The impact on student learning will not be attained without ambiguity and chaos due to the “messy” nature of change. Teachers will need the opportunity to experiment with the innovation, stay-at-homes and settlers will be slow in implementing the innovation in their classrooms, and saboteurs will look for opportunities to derail the progress. Once again, Fullan’s thinking must be applied — a leader with a strong moral compass will guide staff through these challenges while entrusting them with the opportunity to learn from mistakes that are inevitable from a new endeavor. A leader must continually offer the hope, enthusiasm, and energy required to help an organization ‘stay the course’ (sustain) through the murky waters of change to find the ‘safe harbor’ (desired outcome).
In the end, one must measure the impact of change upon the school.
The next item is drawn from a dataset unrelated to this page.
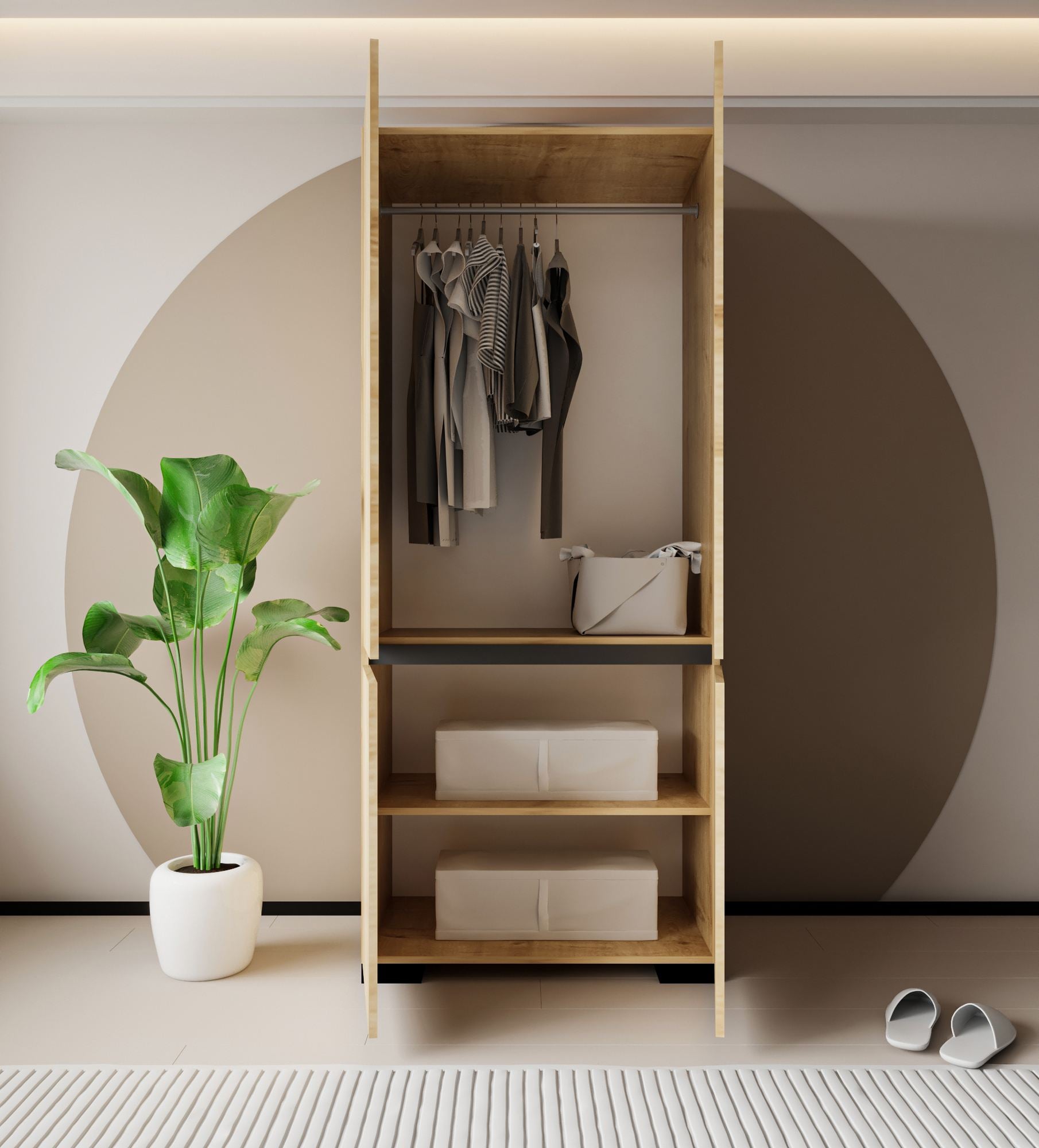 Guarda-roupa – 90 cm x 210 cm x 52 cm – Carvalho Safira e Antracite – Aglomerado com melamina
Thomas Guskey, in Evaluating Professional Development, describes five key areas to assess in evaluating professional development and change:
- Participants’ reactions
- Participants’ learning
- Organization support and change
- Participants’ use of new knowledge and skills
- Student learning outcomes
The organization must come to terms with where staff members fall on the Stages of Concern continuum in order to determine how well they became accustomed to the change. This provides an effective evaluation method while determining future needs of the staff. In addition, anecdotal evidence must accompany the data from the CBAM evaluations to get a broader sense of the participants’ reactions to the innovation. Observations by administrators and mentors that demonstrate how participants have applied the new knowledge and skills would be valuable, as would analysis of relevant student data to shed light on the system’s effectiveness in adopting the change.
Guskey enjoys sprinkling memorable quotes throughout his book to heighten the reader’s understanding of the text. One such quote bears relevance to realistic expectations for change implementation:
It is a mystery why adults expect perfection from children. Few grown-up can get through a whole day without making at least one mistake. -Marcelene Cox
Leaders who effectively lead change keep the essence of this quote in their hearts and minds as they manage innovation within their schools. Change must be messy to work, and experimentation must be championed to provide fruitful opportunities for growth.
Barth, R.S. (2001) Learning by Heart. San Francisco, CA: Jossey-Bass.
DuFour, R., & Eaker, R. (1998) Professional Learning Communities at Work. Bloomington, IN: National Educational Service.
Fullan, M. (2000) Leading in a Culture of Change. San Francisco, CA: Jossey-Bass.
Guskey, T.R. (2000) Evaluating Professional Development. Thousand Oaks, CA: Corwin Press.
Kouzes, J.M., & Posner, B.Z. (1998) Encouraging the Heart: A Leader’s Guide to Rewarding and Recognizing Others. San Francisco, CA: Jossey-Bass
Schlechty, P.C. (1997) Inventing Better Schools. San Francisco, CA: Jossey-Bass.